Chapter 2:
Exploratory Data Analysis (EDA)

Two modes of data analysis

Hypothesis-generating

“Exploratory analysis”
Aim is to explore data to discover new patterns
Results must not be presented as formal tests of a priori hypotheses
Testing a hypothesis using the same data that gave rise to the hypothesis is circular reasoning

Hypothesis-testing

“Confirmatory analysis”
Aim is to evaluate evidence for specific a priori hypotheses
The hypotheses and ideas were conceived of before the data were observed
Can be used for formal scientific inference

Presenting hypothesis-generating analyses as hypothesis-testing analyses (i.e., pretending the hypotheses were conceived prior to the analysis) is scientifically dishonest, and a major contributor to the replication crisis in science.

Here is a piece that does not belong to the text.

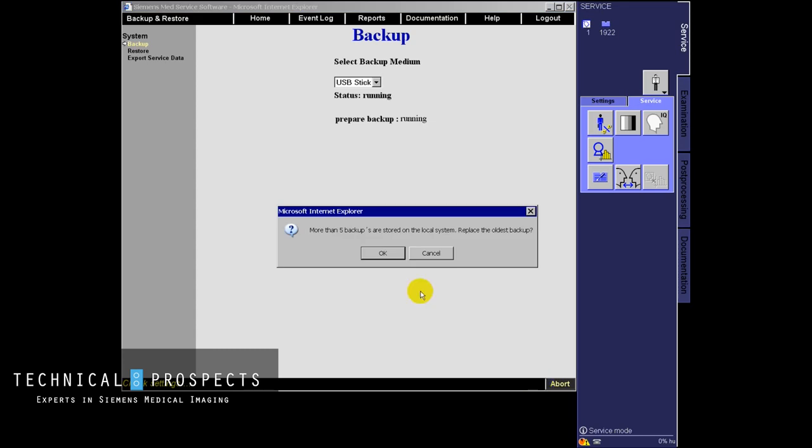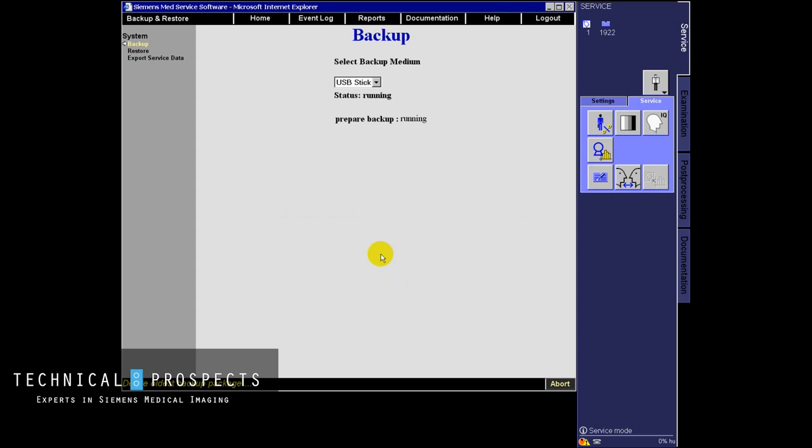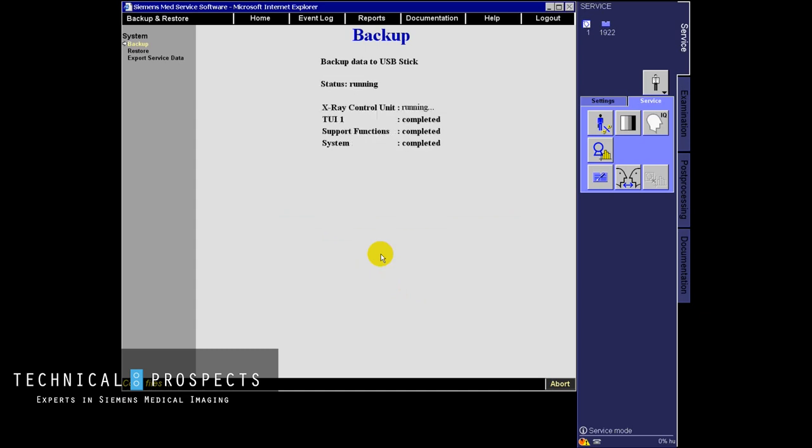Then hit go. It will tell you that it's going to lose the last backup because it can only store five because it's automatically storing one on the C drive. Hit okay and the backup will usually take about 15 minutes, but you're backing up everything specific to your site.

Plots for categorical data

Bar graphs

Show the frequency of each category (level) in categorical variables
The height of each bar is proportional to the frequency
Can be “stacked” or “clustered”

Tea data

Data from 300 individuals’ tea-drinking habits (18 questions), perceptions (12 questions), and personal details (4 questions).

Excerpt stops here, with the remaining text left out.